Work instruction:
One range is to be output from the listing below, exactly as written: the line with "Sunset Gaming Mouse" to the line with "Heart & Infinity", both kept.

Supplied records:
Segment Open

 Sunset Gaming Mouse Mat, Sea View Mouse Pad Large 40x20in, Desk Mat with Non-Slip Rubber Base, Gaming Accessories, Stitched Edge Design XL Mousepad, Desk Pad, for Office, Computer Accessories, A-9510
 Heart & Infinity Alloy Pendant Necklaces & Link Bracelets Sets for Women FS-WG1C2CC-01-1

Segment Closed
Segment Open

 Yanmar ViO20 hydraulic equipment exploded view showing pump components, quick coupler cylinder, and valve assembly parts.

Segment Closed

Output of the exercise:
 Sunset Gaming Mouse Mat, Sea View Mouse Pad Large 40x20in, Desk Mat with Non-Slip Rubber Base, Gaming Accessories, Stitched Edge Design XL Mousepad, Desk Pad, for Office, Computer Accessories, A-9510
 Heart & Infinity Alloy Pendant Necklaces & Link Bracelets Sets for Women FS-WG1C2CC-01-1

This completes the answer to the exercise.